Once again we’re hearing talk of an inevitable inflationary age ahead, thanks to the massive money-printing. I think this concern is misplaced.

It’s proponents revert to the now rightly discredited Chicago monetarist beliefs of the early 1980s. The argument then was that an excess of money in the system led to increased demand and thus inflation. That belief in turn led to the biggest blunder in our post-war history in the form of the Reserve Bank Act and its heavy-handed application.

Price rises, regardless of their reason saw a punitive interest rate response throughout the 1990s and as a consequence, a decaying economy. Our best and brightest fled, mainly to Australia.

That is not a throwaway line. In the late 1990s an Australian survey showed New Zealand-born citizens were the best educated and enjoyed the highest incomes of any ethnic group.

It was short-lived as in the early years of this century a different breed of New Zealanders flooded into Australia drawn by demand, in the form of shearers and mine-workers.

Canterbury University Press published my book “Prosperity Denied – How The Reserve Bank Harms New Zealand” in 1996.

I came under an ignorant attack at the time as having a vested interest in inflation.

Cost inflation is much easier to explain than the numerous convoluted articles and books published back in the late 1970s and 80s.  It’s simply demand exceeding supply for a commodity.

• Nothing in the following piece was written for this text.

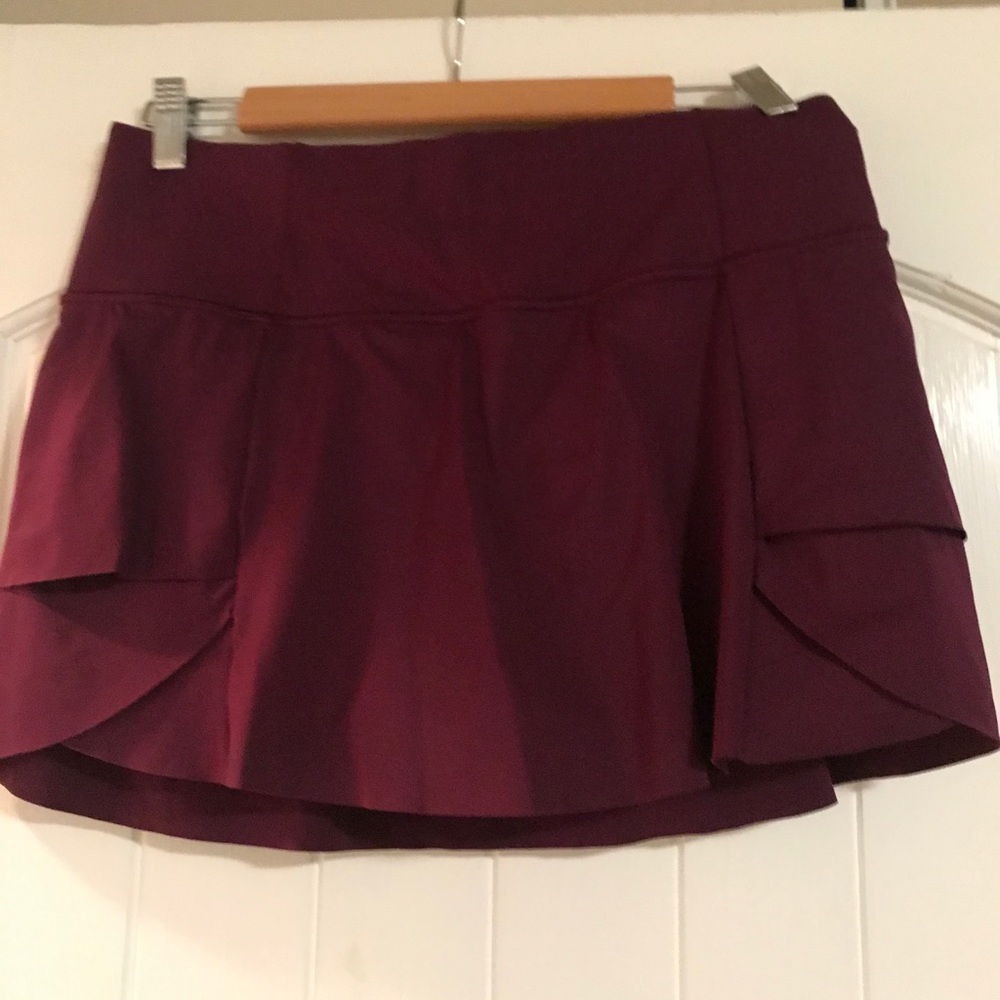 Athleta tennis skirt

The existence of demand presupposes the ability to pay.

The best weapon to combat it is an uninhibited free market to meet demand surges. Monetarists instead proposed crushing demand through soaring interest rates, rather than the more positive encouraging supply strategy.

Here’s why I don’t anticipate an inflationary consequence from our 2020 money-printing.

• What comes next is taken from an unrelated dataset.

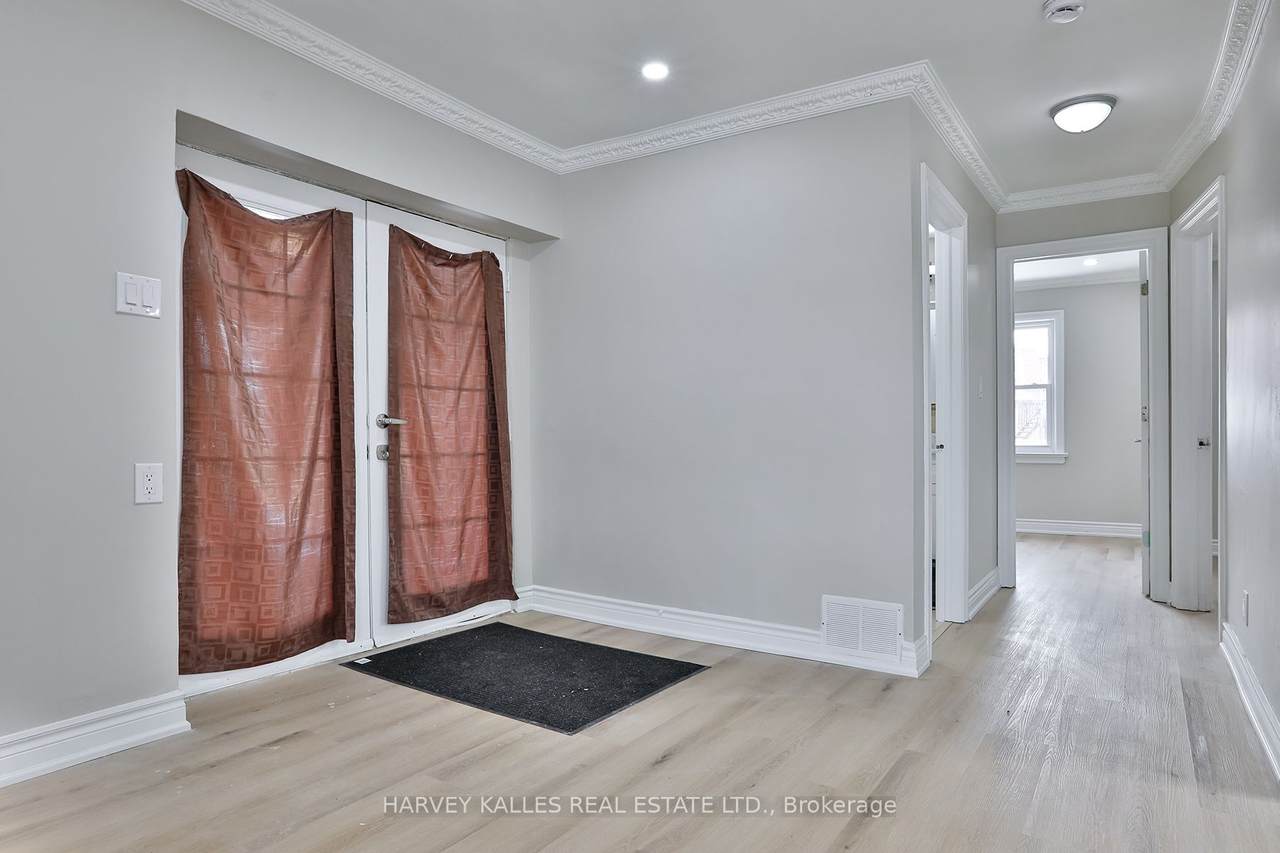 https://bt-photos.global.ssl.fastly.net/toronto/1280_boomver_1_W12856228-1.jpg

That money was substantially paid to employers to assist their wage bills during the lockdown. So it went to the public in exactly the same amount as pre-lockdown and they spent it in the same way as before, namely on everyday living costs.

Throughout this period agriculture enjoyed solid returns, so no unusual effect there, while the loss of foreign tourism revenues were, albeit not entirely, offset by the disappearance of Kiwi tourists’ outlays abroad.

Shortages which arose during the lockdowns were not price sensitive, notably diverse medical services such as dentistry and delayed operations.

The single commodity in which the lockdown had an inflationary effect was housing. With builders off the job the supply shortage was compounded.

So overall I believe speculation of a return to inflation days is an unnecessary concern.